Medycyna Wet. 63 (1), 44-46, 2007
Romański K.
Bile acids and motor activity of the stomach and the small intestine
Bile acids exhibit detergent properties. Their influence on various types of cells in the gastrointestinal wall, including smooth muscle cell, is substantial. They are present in the intestinal lumen and circulation as conjugated or deconjugated salts. In studies in vitro they cause smooth muscle relaxations. Their effects in vivo can be due to their direct action on the smooth muscles or they act indirectly: the action can be mediated by the nervous system and gut hormone release. When the gastrointestinal mucosa is exposed to bile or bile acids the frequency of gastric contractions increases and the activity front of the migrating motor complex (MMC) is initiated. Bile acids exert a stronger effect than the entire bile. The type and amount of bile acids can also be important. The intraarterial route of bile acid administration appears to be more efficient than intraluminal route.
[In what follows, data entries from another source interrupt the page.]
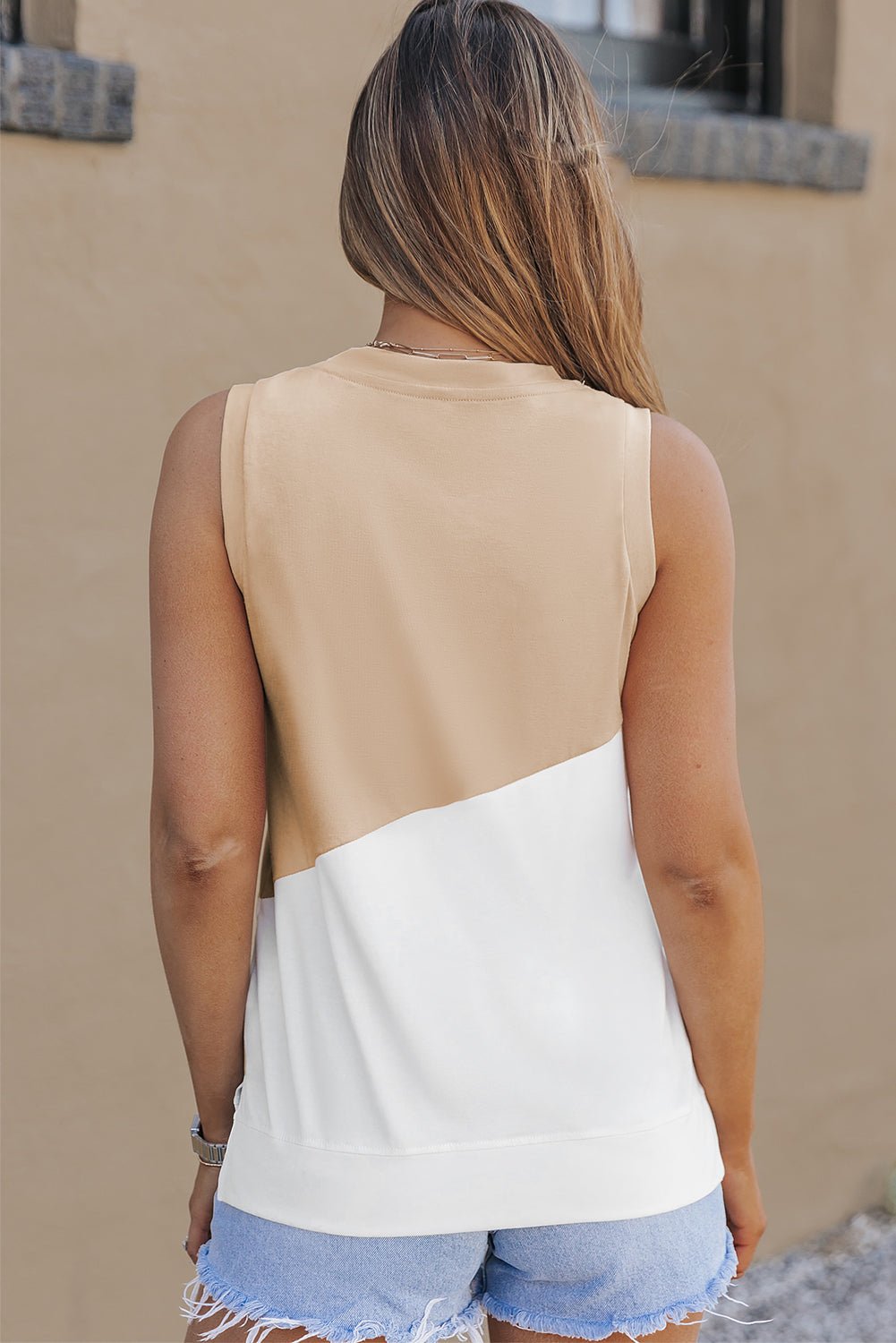 Contrast Round Neck Tank Top - Loulou Boutique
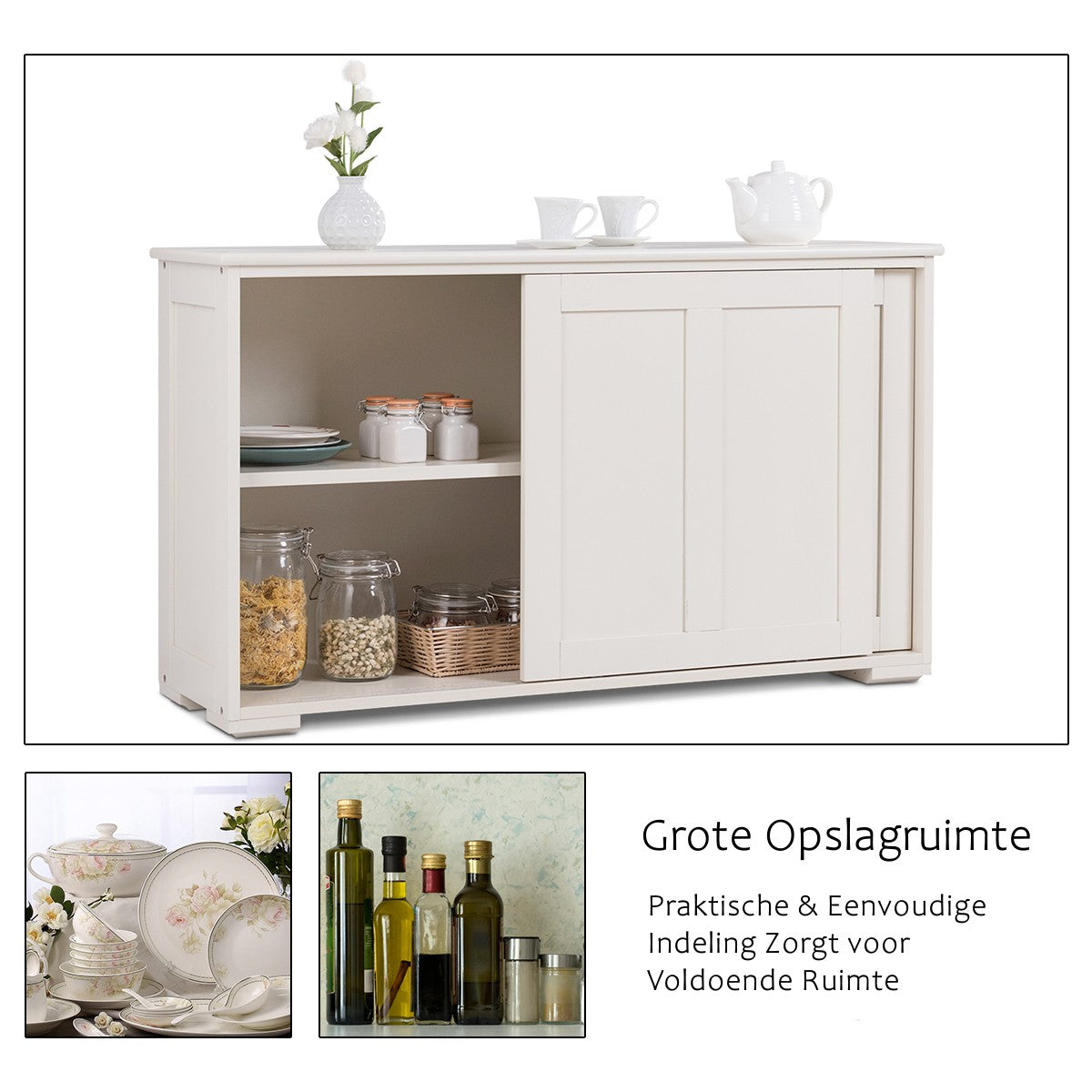 LIVSK Multifunctioneel Dressoir met Schuifdeuren - Ruime Plank - Verstelbare Hoogte - Veilig met Afgeronde Randen - Wit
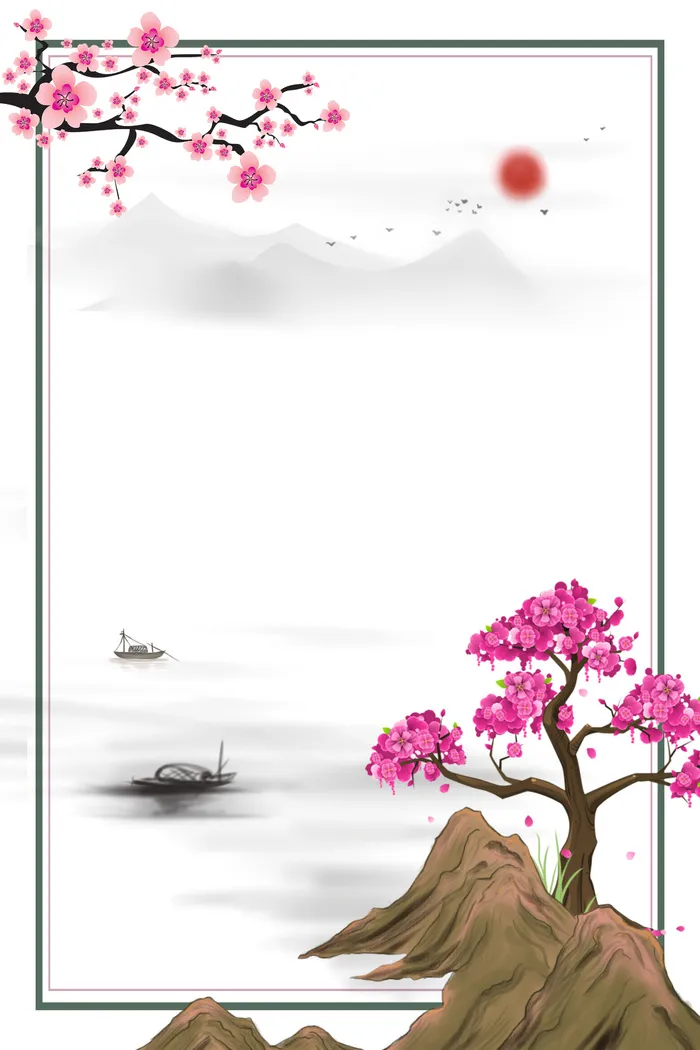 古风唯美桃花桃树背景psd模版下载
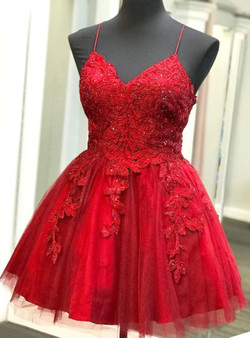 Red Tulle Spaghetti Straps Appliques Homecoming Dress Red Tulle Spaghetti Straps Appliques Homecoming Dress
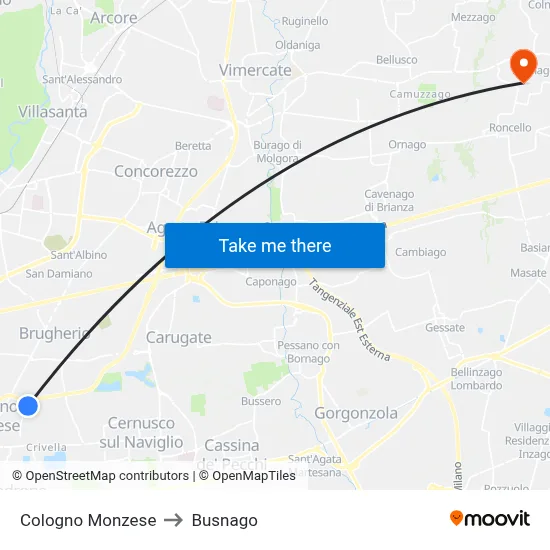 Cologno Monzese to Busnago map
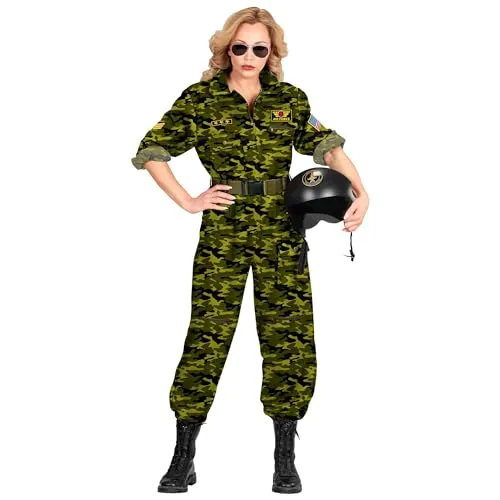 Carnival Party 2tlg. Kostüm "Kampfjest-Pilotin" in Khaki - Faschingskostüme für Damen, 2-teiliges Kostüm mit Overall und Gürtel, ideal für Fasching und Karneval, sorgt für einen einzigartigen Auftritt!
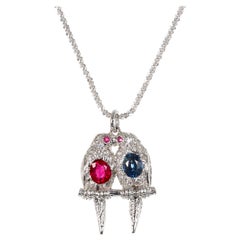 GIA Certified Sapphire Diamond Ruby Platinum Love Bird Pendant Necklace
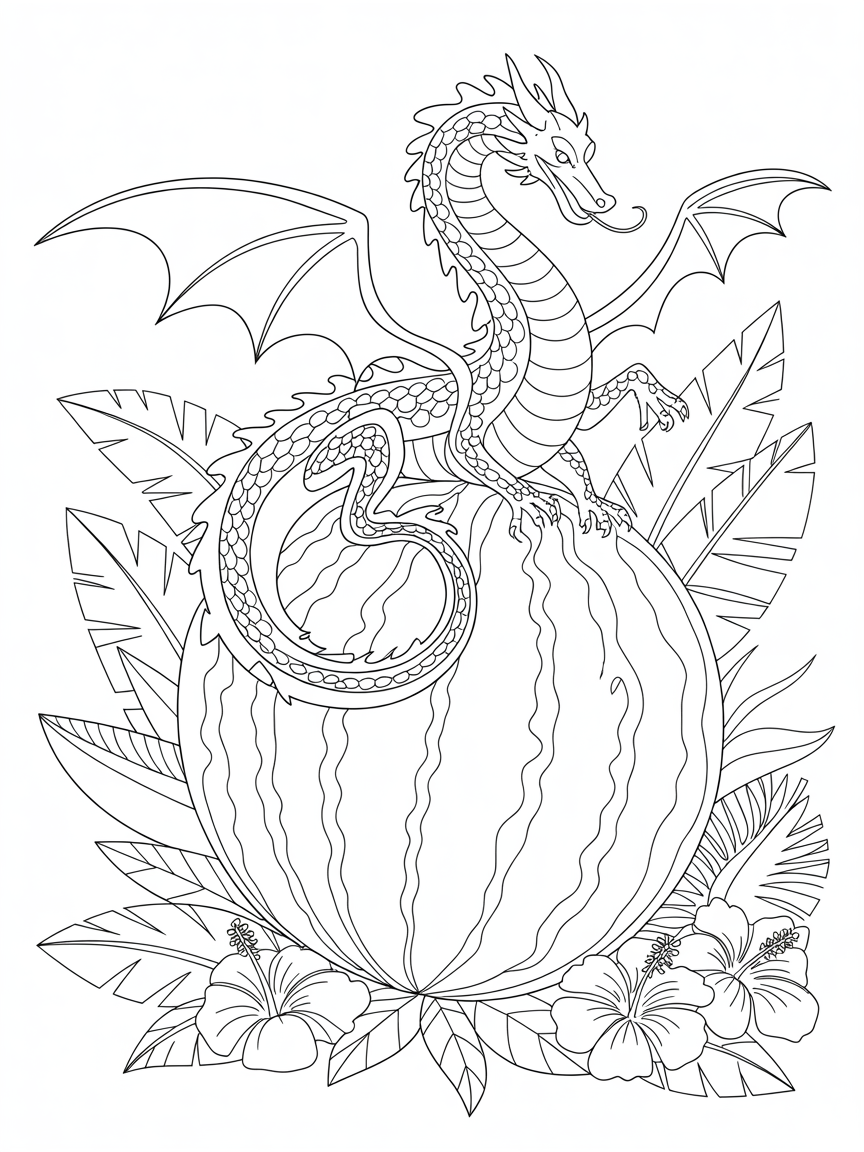 A dragon in a watermelon - Free Coloring Page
Bile diversion from the duodenum induces contrary effects, i.e. a relaxing effect in the stomach and irregular motor activity in the small bowel or prolonged phase 2 MMC have been observed. These effects are apparently due to the interaction of bile acids with muscarinic receptors and mediated by motilin and cholecystokinin, two gut hormones the release of which is strongly influenced by luminal bile acids.